It is part of a series. See Five Things Said.

Excerpts

What is a typical week like for you as a volunteer?

Fanlore is a big project supported by a small (but growing!) team of dedicated editors and committee members. This means that our work really varies from week to week, and we all get to pitch in on a wide range of tasks. We respond to inquiries from Fanlore users, address issues and feedback on the wiki itself, review potential violations of our editing policies, manage our social media channels, work on our user-facing help pages, and plan promotional events and challenges to engage new editors on Fanlore. We have staff meetings weekly, and I’m usually lurking on the OTW’s internal chat platform throughout the week as things come up.
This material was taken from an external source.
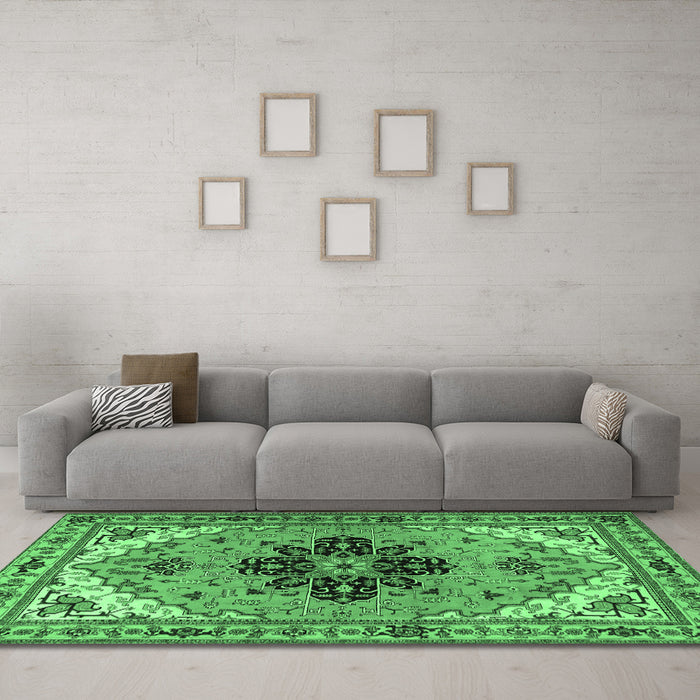 Machine Washable Persian Emerald Green Traditional Area Rugs in a Living Room,, wshtr1676emgrn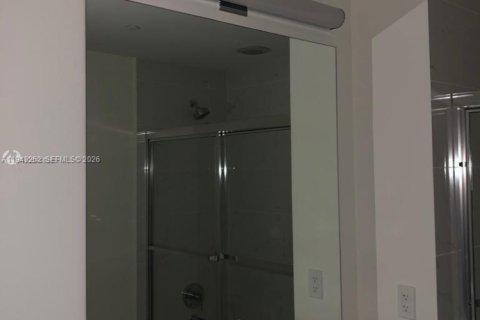 Copropriété à louer à North Miami Beach, Floride: 2 chambres, 124.58 m2 № 1999619 - photo 2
Fanlore is perpetually a work-in-progress –- that’s kind of the point of a wiki! — so there’s always something new to address. One constant in our work is the need to be responsive to the users, editors, and volunteers who engage with and support Fanlore.

Balancing my OTW work with my other commitments is an ongoing juggling act. I typically commute to work by ferry/train/hiking in the woods, so I often find myself catching up on things while I’m on the go. While my committee work is rarely the same from week to week, I do try to always make time to edit Fanlore, or to at least check in on other editors’ recent changes. It can be difficult to stay motivated when there’s so much to balance, and when so much of your work is self-directed. I’ve found that the best way to stay engaged with and excited about my committee work is to make sure that I’m actively contributing to Fanlore as an editor. So that’s a big part of my week, too!
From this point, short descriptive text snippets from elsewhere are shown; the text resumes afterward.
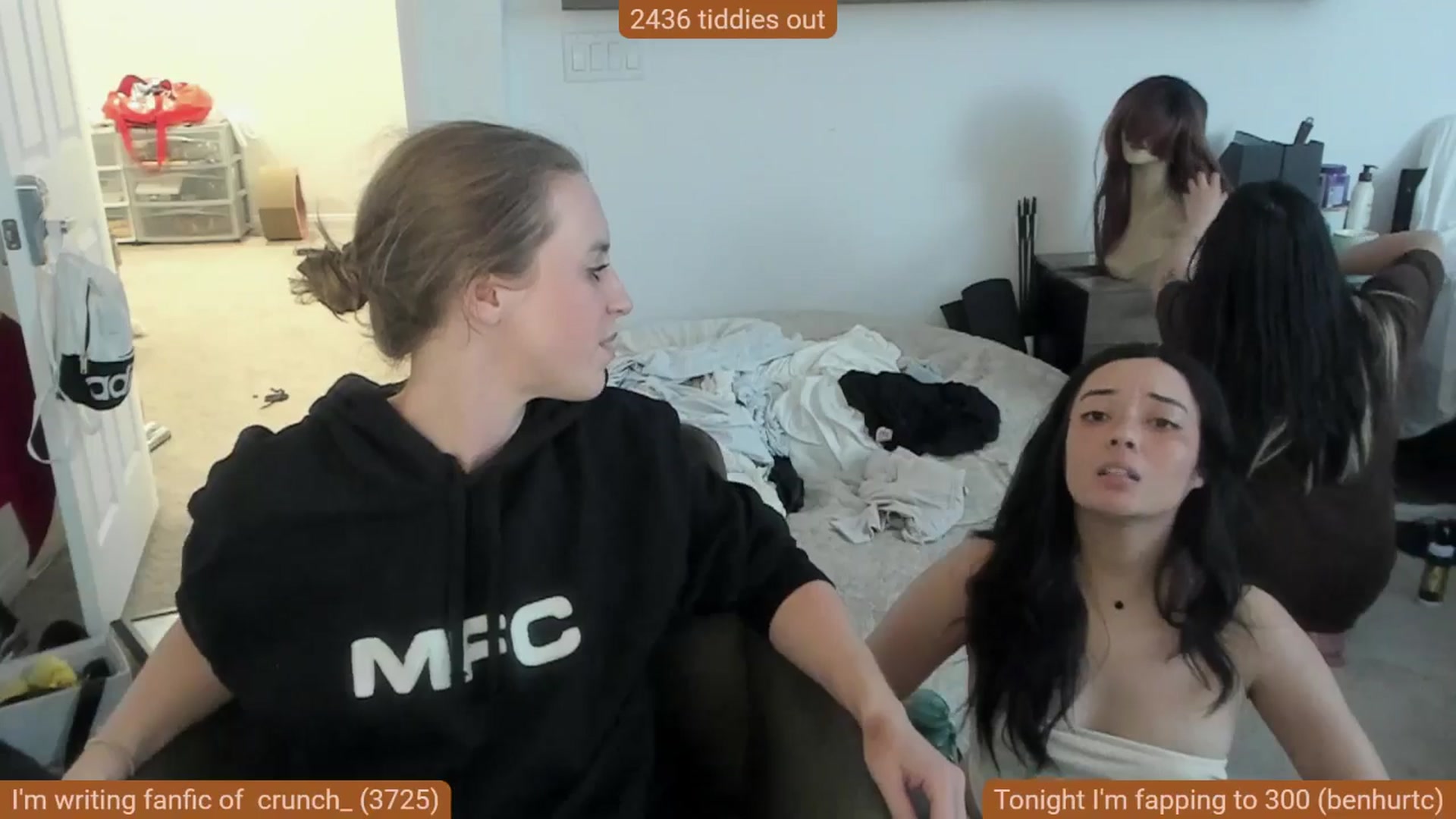 Gallery image thumbnail from Nami_'s myfreecams stream on, 06/27/2025, 06:16 image 14 of 20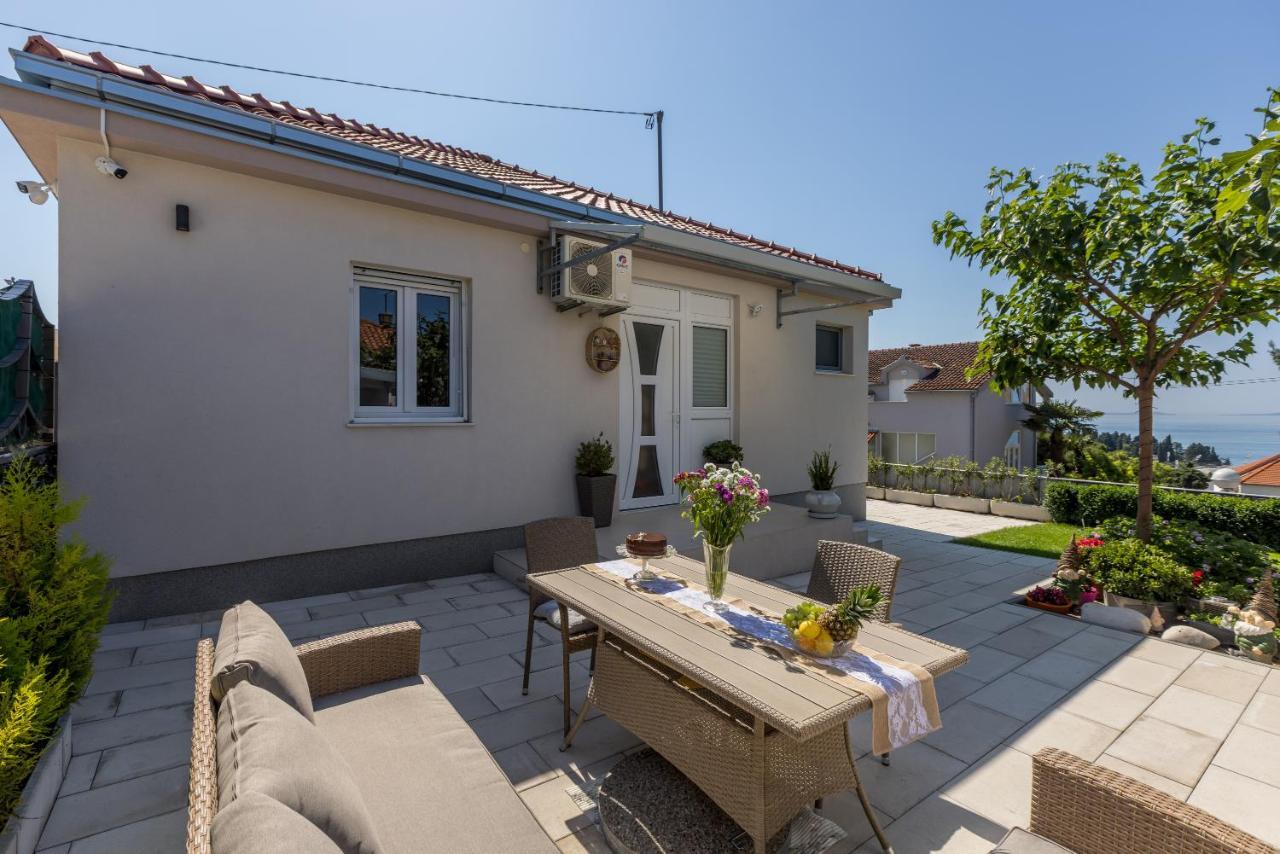 Villa Katess With Heated Pool Split Exterior foto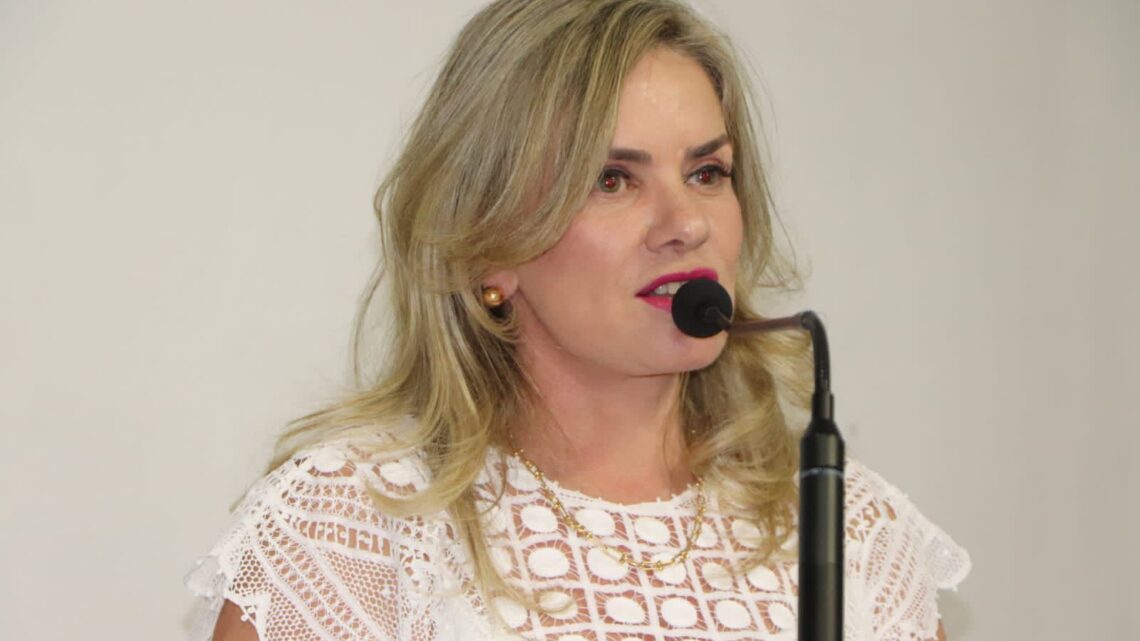 Ivana Bastos afirma que sensibilidade de uma presidente mulher no TJBA e a luta coletiva garantiram Vara de Família em Guanambi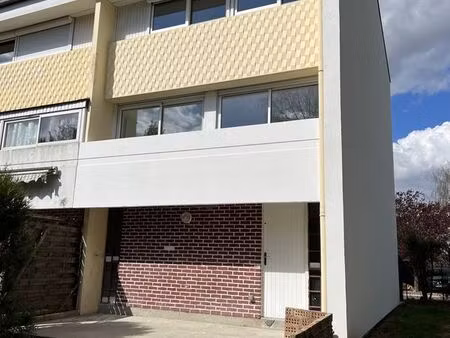 pavillon 4 pièces 77 m²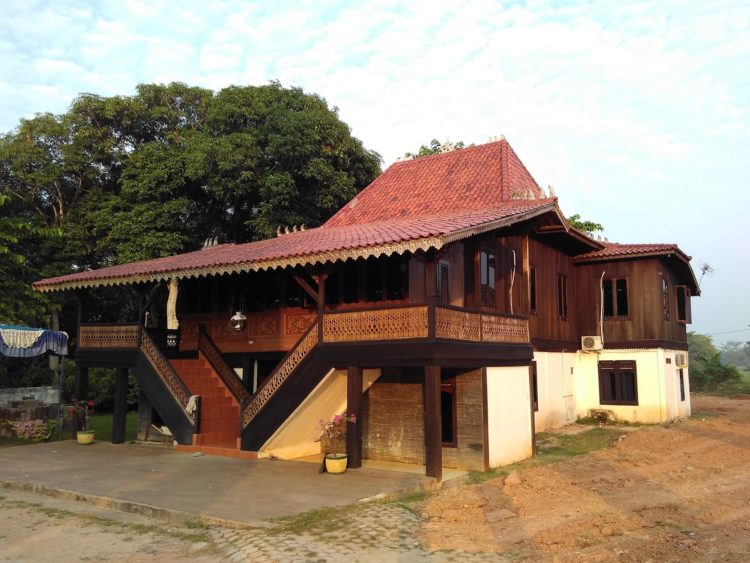 Rumah adat Limas Penjelasannya ARSITEKTUR CIRI GAMBAR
What made you decide to volunteer?

As fans, I think we all have stories of moving from passively appreciating a text or project to actively participating in its continued life. That’s definitely the story of my own involvement with Fanlore.
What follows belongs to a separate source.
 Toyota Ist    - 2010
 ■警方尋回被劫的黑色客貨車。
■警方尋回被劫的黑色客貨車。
I’d been casually using Fanlore as a resource for years, and I would often come across pages that I knew were missing something cool or important about our histories and our creative practices. But for some reason, I never felt equipped to contribute. I’ve talked to a lot of other fans who have also felt daunted about editing Fanlore; I think that we often discount the value of our own knowledge as fans, and it can also be overwhelming to start editing a wiki without any prior experience. Once I started editing, though, I found that I really loved it — and it wasn’t as hard as I thought it might be!

While I wasn’t an active editor when I joined the committee, I came to Fanlore with a deep interest in fandom history, and more specifically, in communal forms of preservation and archive-making within fan communities. As a fan and a researcher, I’m so glad to live in a world where Fanlore exists – and I was really excited at the opportunity to help sustain it as a member of the Fanlore Committee.

What fannish things do you like to do?

Over the years, I’ve written meta and fic, organized fanworks challenges, recorded podfic, and beta read for other fans. But at this point, my main fannish activity is actually wiki editing! Ultimately, I’m a fan of fandom, and I really enjoy both the technical and creative aspects of wiki editing. In my experience, wiki editing is a type of fan labor that isn’t often considered in conjunction with other fannish practices, like writing fanfiction and meta, drawing fanart, making fanvids, beta reading, and so on. I definitely think about fannish wiki editing as a practice of transformative fanwork, and it’s become one of my favorite fannish things to do.